It was only after they’d been gone a week that Briar realized he was listening for the girls’ voices, and wondering what they were up to. It was harder to find good books without Tris, harder to get a good round of quarterstaff practice without Daja, and pouring his troubles into Rosethorn’s ears wasn’t as soothing as it was with Sandry. Sandry would listen solemnly, and sympathize, and tell him how wonderful he was. Briar knew better than to even suggest that Rosethorn treat him that way. He liked his nose—girls admired it. He didn’t want to give Rosethorn an excuse to bite it off.
The merchant woman took a loincloth and a headcloth behind the curtain. Soon afterward she emerged with Evvy. The girl was neatly dressed in the orange tunic and black trousers; a brown and orange headcloth covering her ragged hair. “I don’t see why you bother,” she grumbled.

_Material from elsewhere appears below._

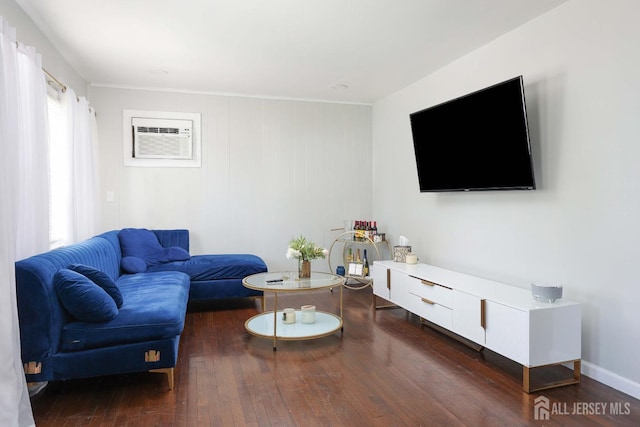 living area featuring a wall mounted AC and hardwood / wood-style floors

“Because someone did it for me, four years ago. He’s always got more clothes than he needs, so he said I’d waste my time giving him more. He told me just do the same for someone else,” Briar said. He thrust the hemp bag with the other new clothes at her. “You get to carry ’em, though.” He bundled the dirty things under one arm and marched out of the stall before she asked other uncomfortable questions. He wasn’t really sure why he was doing so much for her, though what he’d said about Niko, the mage who had clothed him and brought him to Winding Circle, was true. It certainly wasn’t as if he liked this rude, impudent brat.
High overhead they could hear the toll of the Karang Gate clock. It was the third hour after noon. “Time and past to eat something,” he said as his stomach rumbled. Evvy’s eyes brightened at the prospect of a meal.
He followed his nose to a food vendor, where they bought steamed lamb and baked mushroom-onion dumplings. Steamed quinces with walnut and honey stuffing were next. Both of them were pleasantly full when they washed their hands at a fountain and headed back to Briar’s.
“How long have you been on the street?” Briar asked.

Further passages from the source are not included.